- [Records from a data source]:
══════════════════════════════
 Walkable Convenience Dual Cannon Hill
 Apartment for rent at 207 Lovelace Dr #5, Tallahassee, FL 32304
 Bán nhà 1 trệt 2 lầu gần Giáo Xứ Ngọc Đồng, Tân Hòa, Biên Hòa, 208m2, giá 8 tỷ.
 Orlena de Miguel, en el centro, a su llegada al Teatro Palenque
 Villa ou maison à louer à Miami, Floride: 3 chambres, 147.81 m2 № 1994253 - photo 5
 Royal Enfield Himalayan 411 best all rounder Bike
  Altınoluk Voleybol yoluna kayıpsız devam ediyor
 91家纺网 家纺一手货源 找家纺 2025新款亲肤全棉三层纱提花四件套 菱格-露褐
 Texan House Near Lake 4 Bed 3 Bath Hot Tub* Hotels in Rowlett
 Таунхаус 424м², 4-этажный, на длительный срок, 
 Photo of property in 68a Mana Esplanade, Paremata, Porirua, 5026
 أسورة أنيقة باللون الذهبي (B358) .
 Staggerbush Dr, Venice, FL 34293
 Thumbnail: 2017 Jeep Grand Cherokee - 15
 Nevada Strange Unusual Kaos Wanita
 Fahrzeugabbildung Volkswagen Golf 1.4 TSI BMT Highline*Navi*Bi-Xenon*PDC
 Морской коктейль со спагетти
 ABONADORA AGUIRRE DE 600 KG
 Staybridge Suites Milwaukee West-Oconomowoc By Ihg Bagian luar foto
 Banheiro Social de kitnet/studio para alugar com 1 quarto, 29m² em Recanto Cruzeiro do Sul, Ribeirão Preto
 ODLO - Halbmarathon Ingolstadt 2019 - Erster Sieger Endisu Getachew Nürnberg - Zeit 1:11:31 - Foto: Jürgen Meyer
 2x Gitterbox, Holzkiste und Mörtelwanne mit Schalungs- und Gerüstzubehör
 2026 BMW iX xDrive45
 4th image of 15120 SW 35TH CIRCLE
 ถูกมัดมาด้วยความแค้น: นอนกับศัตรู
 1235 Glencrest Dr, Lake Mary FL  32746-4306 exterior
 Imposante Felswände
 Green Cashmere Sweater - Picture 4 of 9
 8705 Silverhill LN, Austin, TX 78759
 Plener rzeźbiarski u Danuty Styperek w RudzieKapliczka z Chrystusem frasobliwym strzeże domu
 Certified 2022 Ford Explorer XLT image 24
══════════════════════════════
- [What you will do]: In the reply, include exactly the lines from the beginning of the entries above through the line holding "2026 BMW iX xDrive45", and nothing besides.

- [Output for this exercise]:
 Walkable Convenience Dual Cannon Hill
 Apartment for rent at 207 Lovelace Dr #5, Tallahassee, FL 32304
 Bán nhà 1 trệt 2 lầu gần Giáo Xứ Ngọc Đồng, Tân Hòa, Biên Hòa, 208m2, giá 8 tỷ.
 Orlena de Miguel, en el centro, a su llegada al Teatro Palenque
 Villa ou maison à louer à Miami, Floride: 3 chambres, 147.81 m2 № 1994253 - photo 5
 Royal Enfield Himalayan 411 best all rounder Bike
  Altınoluk Voleybol yoluna kayıpsız devam ediyor
 91家纺网 家纺一手货源 找家纺 2025新款亲肤全棉三层纱提花四件套 菱格-露褐
 Texan House Near Lake 4 Bed 3 Bath Hot Tub* Hotels in Rowlett
 Таунхаус 424м², 4-этажный, на длительный срок, 
 Photo of property in 68a Mana Esplanade, Paremata, Porirua, 5026
 أسورة أنيقة باللون الذهبي (B358) .
 Staggerbush Dr, Venice, FL 34293
 Thumbnail: 2017 Jeep Grand Cherokee - 15
 Nevada Strange Unusual Kaos Wanita
 Fahrzeugabbildung Volkswagen Golf 1.4 TSI BMT Highline*Navi*Bi-Xenon*PDC
 Морской коктейль со спагетти
 ABONADORA AGUIRRE DE 600 KG
 Staybridge Suites Milwaukee West-Oconomowoc By Ihg Bagian luar foto
 Banheiro Social de kitnet/studio para alugar com 1 quarto, 29m² em Recanto Cruzeiro do Sul, Ribeirão Preto
 ODLO - Halbmarathon Ingolstadt 2019 - Erster Sieger Endisu Getachew Nürnberg - Zeit 1:11:31 - Foto: Jürgen Meyer
 2x Gitterbox, Holzkiste und Mörtelwanne mit Schalungs- und Gerüstzubehör
 2026 BMW iX xDrive45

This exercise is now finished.